Dialogue long overdue

The late Holocaust survivor Emil Fackenheim was one of the 20th century’s most important Jewish theologians, known for his “614th commandment”: Do not hand Hitler any “posthumous victories.”

Last August, Fackenheim’s son, Yossi Fackenheim, stood in the Jerusalem Rabbinical Court for a proceeding relating to his divorce. The court was probing his status as a Jew — Yossi’s mother was not Jewish at the time of his birth, and Yossi himself was converted to Judaism at age two by an Orthodox rabbinical court in Toronto. Yossi was able to produce a ream of documents attesting to his legal status — including official recognition, by Israel’s Chief Rabbinate, of his conversion by Jerusalem’s Rabbinate Marriage Registrar.

Nevertheless, the Rabbinical Court in Jerusalem declared his conversion invalid, explaining that because he underwent conversion as an “infant,” his decision to convert was not conscious. Yossi told The Jerusalem Post that he intends to fight to “get my Jewishness back.”

Stories like these often discredit Israel’s Orthodox rabbinic establishment in the eyes of many in Israel’s secular majority and of Diaspora Jews across the denominational spectrum. Although the rabbis’ defenders say they are merely upholding the integrity of the Jewish legal process, too many similar stories suggest the kinds of abuses of authority that are bound to occur when any group is given a monopoly.

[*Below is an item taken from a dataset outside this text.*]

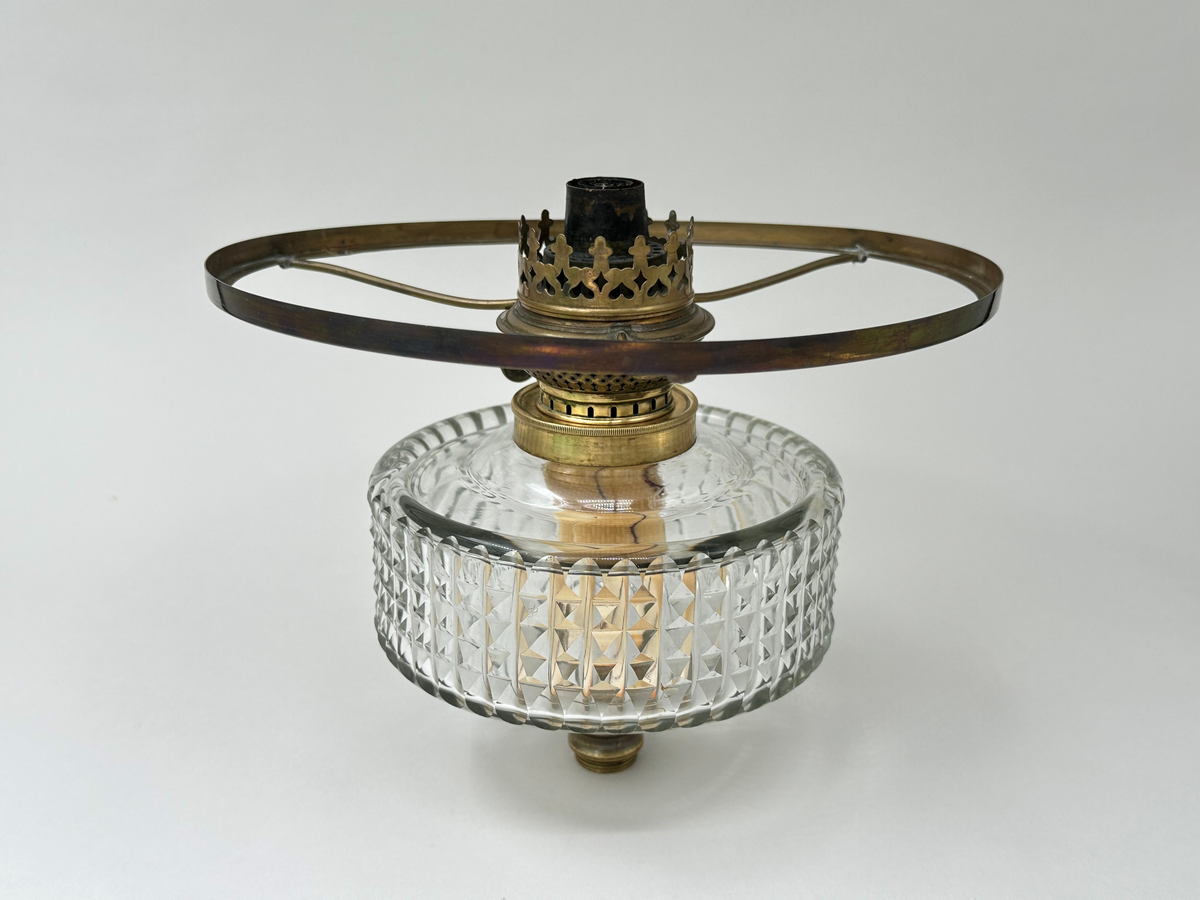 Oljehus och brännare till fotogenlampa. Oljehus i klart glas, slipat i diamantslipning som övergår till olivslipning i över- och nederkant. Dekorativt utformad brännare i mässing med påkopplad ställning för att hålla lampskärmen. Ställningen defekt, och en av dess armar är fastlödda.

This week Conservative Judaism’s Rabbinical Assembly is taking up a resolution calling for the dissolution of Israel’s Chief Rabbinate. Conservative rabbis here and in Israel have long complained that the Orthodox establishment monopolizes state religious resources, blocks legitimate religious activities by non-Orthodox rabbis and institutions, and, more recently, has needlessly encumbered the conversion process for immigrants who are eager to become part of the Jewish people. According to a draft of the RA resolution, the Chief Rabbinate has had an “unfortunate impact on Israeli society.”

No one likes to see one group of rabbis hurling invective at another, and this resolution itself might further deepen a divide it is meant to heal. And yet it and the heat that is generated by stories like Yossi Fackenheim’s should be seen as an opportunity for Israel’s Orthodox establishment, and all who accept or appreciate its authority, to examine the ways it can accommodate the diverse and changing nature of world Jewry. Rabbis in Israel and the Diaspora, Orthodox as well as non-Orthodox, have been working on creative solutions to challenges of personal status — such as conversion and divorce — within a rigorous legal framework. Authorities too often reject these accommodations, sometimes on the basis of small-c conservative jurisprudence and sometimes, sad to say, as a result of turf battles.

The time is ripe to open a trans-Atlantic discussion of these issues. Israel, under fire in more ways than one, cannot afford a further erosion of global Jewish peoplehood. Traditional Judaism deserves a better image among Jews in Israel and abroad. Israel’s secular government and state-sanctioned rabbinate need to hear the critics’ voice, especially those raised in good faith.